“I shall be delighted.”

“I’ll get Lady Jennings to lend me the victoria to-morrow, and meet you outside Lyons’ tea room at four. Will that do?”

She spoke with the air of an angry empress, cold, reserved, with a suggestion of suppressed thunder in look and voice. Gerard went away in a state of bewilderment impossible to describe.

Not only was he now quite sure that it was she whom he had seen in the crowd, but he knew that she had the strongest possible objection to its being known that she led a double life. He could not understand it. If she had been a clever “sensational” journalist, with subjects to work up by actual observation, as he had at first supposed, there was no reason in the world why she should not have confessed the fact to him. Although he was not an intimate friend of hers, she knew him quite well enough for an ordinary girl to feel sure that he could be trusted with a paltry little secret such as that. It was true that she might naturally prefer to keep her own counsel to her friends on such a point: old ladies would certainly feel nervous about such an undertaking on the part of a handsome young girl as the passing under a disguise.

But when she was found out, and by a man, surely common sense ought to have suggested to her that confession was the only safe course! If she had told him simply that she wore a disguise in the course of her professional pursuits, and had begged him to keep her little secret, she might have been sure of his delighted acquiescence, and of his satisfaction in the thought that he knew something about her which she wished to keep unknown to the world in general.

Considering the high level of her intelligence, Gerard was greatly surprised and disturbed at her obstinacy.

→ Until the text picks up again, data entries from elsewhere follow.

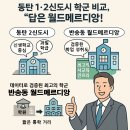 월드호박공인중개사사무소 이미지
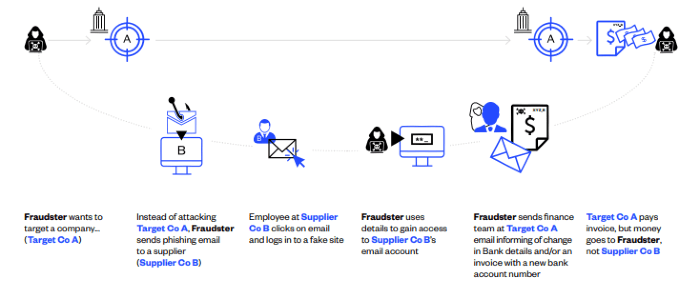 Example of a supplier email compromise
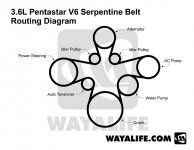 Help changing serpentine belt on 2012 JK | WAYALIFE Jeep Forum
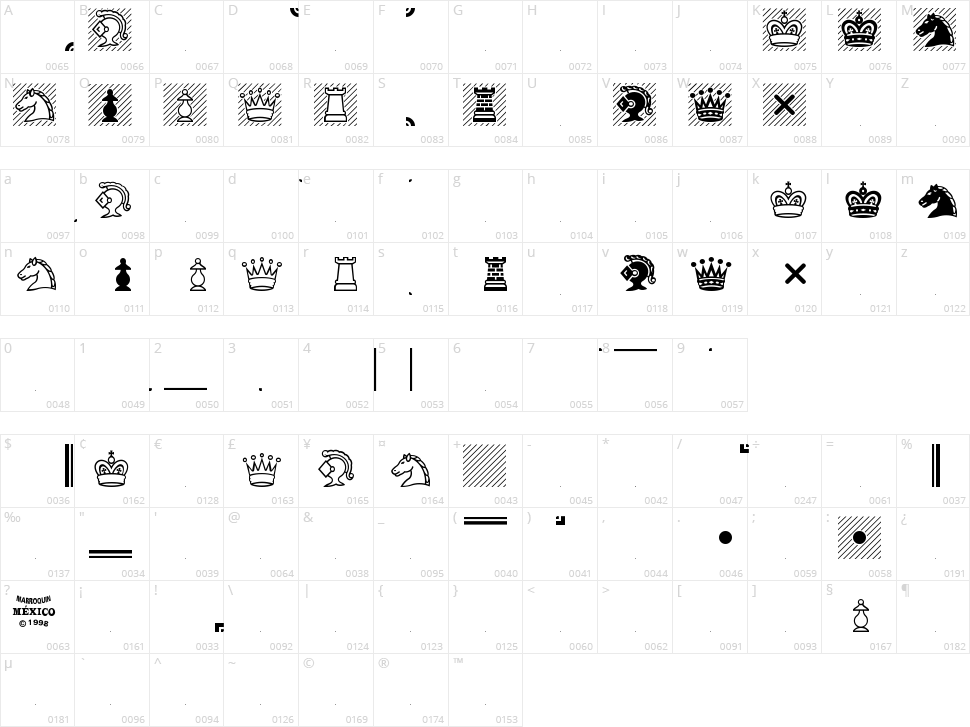 Chess Condal Character Map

But he told himself that she would certainly be more open on the following day, and that she would tell him, if not all the truth, at least enough to endeavor to engage his loyalty in keeping her secret.

Yet in spite of these reflections, Gerard felt that there was still something ugly about what he had seen. That passing of the flashing stone to an unknown man, and then the prompt disappearance of the two persons! What was he to think of that? What would she say when he told her, pointblank, as he meant to do, that that was what he saw?

There was all the time underlying his admiration for this beautiful, spirited girl, a sickening horror of what might be in store for him when he should learn all the truth. It was not, could not be possible that she was a common thief, that the money she earned was made by practices of absolute dishonesty. And yet, the longer he lingered upon the circumstances, the more he thought about that interview with Rachel that afternoon, the more he wondered whether there was something horrible, something dishonorable about the whole affair.

That she was not a designer or artist he was by this time quite sure: every circumstance confirmed him in his opinion. No artist worthy the name can live long without a pencil in his hand; yet no one appeared ever to have seen her at this mysterious work which brought in eight hundred a year!